Initially we considered designing our own DTD for our detailed, item-level descriptions of manuscripts, but soon rejected this approach in favour of using an extended version of the TEI. Several reasons prompted this decision: the TEI is a robust, well-tested DTD, already used for manuscript transcriptions, and using it obviates much of the basic ground work involved in setting up a new DTD from scratch. It is readily extensible, with well established mechanisms for incorporating new elements and entities, and for rewriting those already present. The ease with which metadata, texts, and images can be linked in a single TEI file also gives the possibility of records acting as the basis of a wider range of applications, including electronic editions or image databases.
The TEI already includes a small number of elements designed specifically for the encoding and description of manuscripts, particularly <hand> and < handshift>, which are used to record information on distinct scribes or handwriting styles. Other parts of the manuscript catalogue record are already catered for by the TEI's standard tagsets: shelfmarks, for instance, are covered by the < idno> element, which has a type attribute that can be used to distinguish present from past shelfmarks, dates are covered by the standard <date> element, and bibliographies attached to records can be represented by the < listbibl>, < biblStruct> or < bibl> elements. The languages in which a manuscript is written are covered, as for any transcribed text, by the global lang attribute.
These elements tend to prove inadequate for detailed manuscript metadata. Of Ker's sixteen points, only the first (Date) is readily available within the TEI, and one other (Script) is partially covered by the < hand> element. This paucity of manuscript-specific elements has caused some problems in the past for the compilers of electronic editions: the Canterbury Tales Project, for instance, has tried to rectify this by the incorporation of extensions to the DTD specific to the project. For the detailed cataloguing of the Bodleian's manuscripts, it was decided to produce a set of extensions, using the facilities for modification provided within the TEI DTD, that were planned to have as generic an application as possible.
The most radical extension we have designed to the TEI DTD is the incorporation of a new element, the <mssStmt>, as a child of the <sourceDesc> within the TEI header. This acts as a container for an extensive set of sub-elements designed specifically to encode the types of catalogue data which we already incorporated into our printed catalogues. In figure 1 we show the overall structure of this element, which is more fully described in section 12 below. Overall structure of the proposed Manuscript Statement
The term manuscript can refer to a wide variety of physical objects - for example, a number of quite disparate items may be bound together and re-foliated, so requiring descriptions for an item as a whole as well as each of its components. The <mssStmt> may be repeated and nested to allow close modelling of these often complicated structures: in the case of the above example,one <mssStmt> may be used to describe features common to all parts of the manuscript, and further <mssStmt> elements within this parent may cover features applicable to each component. Subsidiary <mssStmt>s need only record those features by which a component differs from the whole item of which it forms a part: if nothing is noted, those values declared in the parent <mssStmt> are inherited by its children.
The <mssStmt> contains most of the new elements added to the TEI: its major constituents are as follows:-
Further elements provide for descriptions of the script used (with links via a hand attribute to information on scribes and handwriting styles enumerated in the <handlist> element within the TEI header's <profiledesc>), of rubrication, of the binding, and of secundo folio.
Provenance information for an entire manuscript or a constituent part is contained within a repeatable <provenance> element. If more than one of these is present, a containing <listProvenance> element can be used to group them together (on the model of <bibl> and <listbibl> in the standard TEI guidelines).

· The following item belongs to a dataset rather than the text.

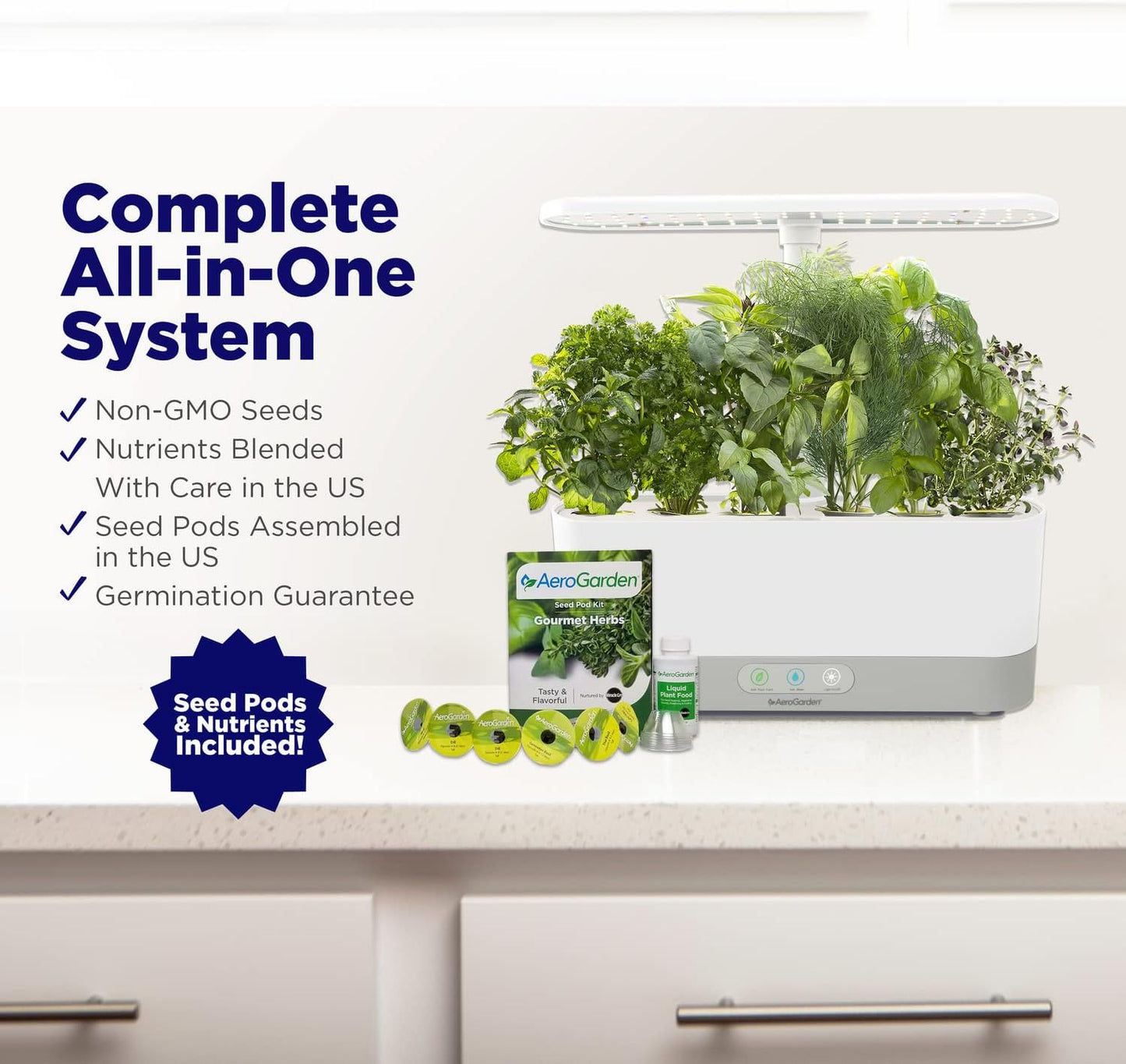 Aerogarden Harvest Slim Indoor Hydroponic System w/ LED Grow Light and Herb Kit (Like New)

In addition to the new <mssStmt> element, some further modifications have been made to the TEI DTD to incorporate important information that can be used in both the catalogue description and transcribed text. The <bibl> element has been extended to include elements to mark up the name of a repository, the place of origin of a manuscript and the collection to which it belongs. New phrase-level elements <incipit>, <explicit>, <colophon>, or <heading> have been added to allow the mark-up of the corresponding features within the header or main text. These are particularly useful for the creation of indices of incipits etc. A new phrase-level element, <iconTerm>, is used, primarily within the <decoration> sub-elements, to describe iconographic subjects, and includes an optional alphanumeric Iconclass code ( ICONCLASS Research and Development Group 1997) . A <summary> sub-element is available for inclusion in all <div> elements to incorporate an abstract of their contents compiled by the cataloguer.
An additional global range attribute is defined, which can be used to specify the physical span of pages or folios covered by a given element. The <summary> element, for instance, uses this attribute to indicate the span of folios represented by the division, without the need to explicitly mark them in the text with <milestone> tags. In the description of collation, this attribute can be used to record the range of folios covered by a single quire sequence, or a larger grouping of these sequences. Within the <miniatures> sub-element of <decoration>, it is used to indicate the position of each miniature by its folio reference.
In section 12 below, we supply a fuller technical description of these extensions, including examples of their proposed use.